A news leviathan that dominated today's headlines across Canada was confirmation, from Toronto's Police Chief Bill Blair, of the existence of the elusive Rob Ford "crack video."
It would be pointless to argue the authenticity of the video. Anything can be faked, but the apparent efforts of associates of Toronto's Mayor to procure the video suggests it was not a fabrication concocted by special effects experts.

That's the bad news for supporters of the embattled chief magistrate.
But for Torontonians who fear the demise of their only mayor to show demonstrable concern for fiscal accountability in over a generation, there is in fact a great deal of good news to counterbalance today's revelations.
Barring some new shocker, there will not be any charges against Ford, and quite reasonably so. A video with a man smoking a pipe with a puff of smoke coming out of it is not conclusive proof of any criminal wrongdoing.
Ford has said he's not resigning. And there's something that the ecstatic media buzzards that despise Ford have forgotten in their current euphoria; the next municipal election is a year away.

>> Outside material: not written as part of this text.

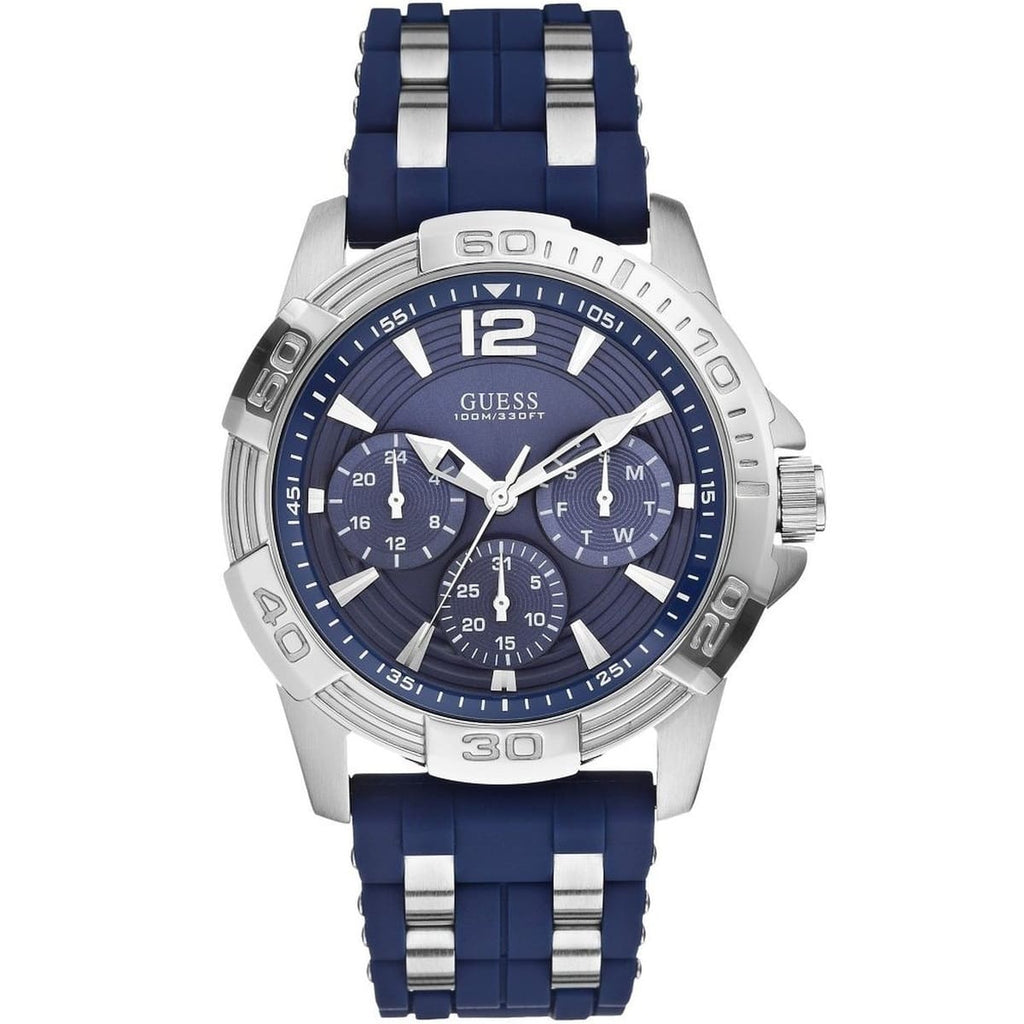 Guess Oasis W0366G2 Men's Silver & Blue Rubber Strap Watch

A year is an eternity in politics.
Ford has kept property taxes down to the rate of inflation, as he promised. He eliminated the Municipal Vehicle Registration Tax, as he promised. His influence has managed to get federal and provincial funding for subway expansion, as he promised. Ford has saved millions and improved garbage pick-up for half the city by privatizing that service, as he promised. Because the municipal unions knew he would play hardball, Ford was able to negotiate a fair contract with them, staving off any strike. That in stark contrast to his predecessor David Miller who forced the city to endure a prolonged, fetid garbage strike in the hottest months of the summer of 2009. At a point where the length of the strike would have forced union workers subsisting on strike pay to negotiate a deal more favorable to the city, Miller completely capitulated to the unions.
Miller is relevant to any current discussion about Ford. Because if one of Ford's presumptive rivals gets into office, like the straw man candidate David Sonacki, Miller's Budget Chief, to whom all of Toronto outside of the offices of
The Toronto Star remain indifferent at best, a return to the fiscal ineptitude and high taxes of the previous administration is virtually guaranteed.
The orgy of sanctimonious revelry at
The Toronto Star over the disclosure of the existence of the Ford video will probably turn out to be short lived.
Ford lied about the video. But in terms of lying,
The Star also lied about Ford, when during his mayoral campaign, the newspaper published false accounts of Ford having physically assaulted a high school football player he was coaching. Even after the alleged victim of Ford's non-existent assault denied it ever happened,
The Star still did not print a formal retraction of their lie.
And we all know that the public is not as inclined as partisan media and partisan politicians to become histrionic about politicians lying about events in their personal lives. Indeed, a hysterical overreaction to personal foibles can backfire in a big way against the people trying to exploit it.
Newt Gingrich thought he had Bill Clinton on the ropes after the lies the former President told about his relationship with Monica Lewinsky. But in the end, it wasn't the President, but Gingrich, who lost his job. The Speaker of the House role was taken away from Gingrich after the charge he led plummeted the GOP into a disastrous performance in midterm elections, when the public rejected their exaggerated hysteria about the Clinton affair.
Toronto's media mavens have been scrambling over each other to demand the crucifixion of Ford, whose indiscretions have cost taxpayers nothing. Yet strangely, most of them have remained complacent and silent about the billions of tax dollars wasted by the corruption Kathleen Wynne's provincial government.
The public are not as stupid and oblivious to that hypocrisy as the media might hope.
The milquetoast, mushy middle Councilor Josh Matlow and leftist Councilor Joe Mihevc both rushed today to exploit the news about the Ford video to their advantage. That is the same Mihevic whose incompetence and mismanagement of the St. Clair streetcar fiasco cost the city tens of millions only to see a neighbourhood divided, no discernible improvement in transit service and increased traffic congestion in his ward.
"I
t pains me to see the City
of Toronto in the situation we currently face," Mihevic gloated about Ford. No more, I can assure you, than it pained me to see a $40 million project mushroom to over $120 million largely because of Mihevic's ineptness.
A year from now, when Torontonians go back to the polls to select their mayor, the Rob Ford video may or may not be on their minds. But so too will the high taxes, the incompetence, and the paternalistic arrogance of David Miller and his acolytes on City Council. Knowing that horrible stewardship of the city, and union-bosses' and developers' domination of City Hall would return if one of Ford's potential rivals like Olivia Chow, David Sonacki or Karen Stintz should replace him will also be on the minds of voters.
Which weighs more heavily on Toronto's voters in the fall of 2014 remains to be seen. But I wouldn't count out Rob Ford yet. Not by a long shot.